元禄(げんろく)時代(1688~1704)には、遊廓(ゆうかく)に通う江戸銀座の人々の風をまねて、袖が長く、丈の短いものとなり、享保(きょうほう)(1716~1736)のころにはこの異様な風体が改まった。元文(げんぶん)(1736~1741)ごろには浄瑠璃太夫(じょうるりだゆう)の羽織丈の影響を受けて、文金(ぶんきん)風という長着と対丈のものが流行した。このように袖・丈の長短は、江戸末期まで変化が繰り返された。羽織の定紋は素襖(すおう)、大紋、武士の十徳の流れを受け、背、袖、胸の五つ紋を正式とし、略して背、袖の三つ紋、背の一つ紋がある。享保以来、黒地紋付羽織が礼装とされたが、庄屋(しょうや)、名主を除き、百姓は着用を禁じられた。武士の羽織袴は裃(かみしも)に次ぐものとされたが、明治になり裃が廃止されたのち、これが男子一般の礼装として今日に至っている。

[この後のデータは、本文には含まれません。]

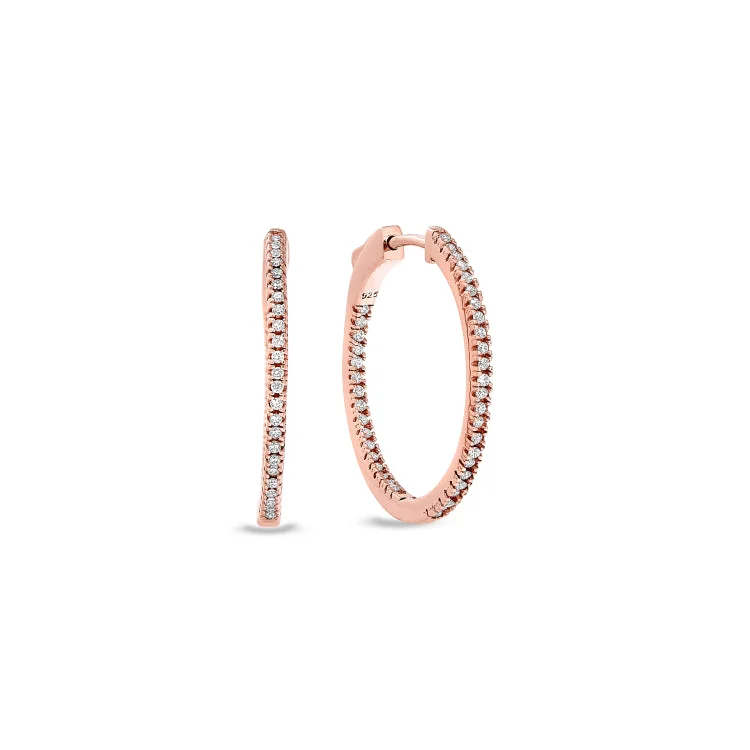 Simple Stud Earrings-High Fashion Earrings-Rose Gold Finish Sterling Silver Micropave Inside Out Medium Hoop Earrings with Simulated Diamonds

女子の羽織は宝暦(ほうれき)(1751~1764)のころ、江戸・深川の芸者が着用したことに始まり、羽織芸者などとよばれたが、一般に用いるようになったのは、明治になってからである。
形態上から特殊なものを次にあげる。〔1〕陣羽織 室町時代よりおこり、武士が陣中で具足の上に着たので具足羽織ともいわれる。袖の有無、丈の長短はさまざまである。〔2〕袖なし羽織 表衣の上に着る袖のないもので、室町時代に発生し、丈の長いものは打裂(ぶっさき)形式で陣羽織に発展した。庶民の間では陣兵羽織、甚兵衛羽織として防寒用に普及した。〔3〕打裂羽織 背割羽織ともいう。帯刀や乗馬に都合がよいように、背縫いの腰から下を縫いあけたもので、桃山時代からみられる。〔4〕蝙蝠(こうもり)羽織 袖が長く、丈の短いもので、コウモリが羽を広げたようにみえるため、この名がある。寛永(かんえい)・正保(しょうほう)(1624~1648)ごろ武家若衆に流行した。〔5〕革羽織 なめし革でつくったもので防寒用であったが、明暦(めいれき)の大火(1657)のころより火事装束に用いられた。〔6〕火事羽織 火事装束用の羽織で、革、羅紗(らしゃ)、羅背板(らせいた)などでつくる。胸当て、当(あ)て帯(おび)をつけたものもある。〔7〕三斎羽織 細川三斎が考案した筒袖の打裂羽織で、幕末に官軍、幕府の兵士が着用した。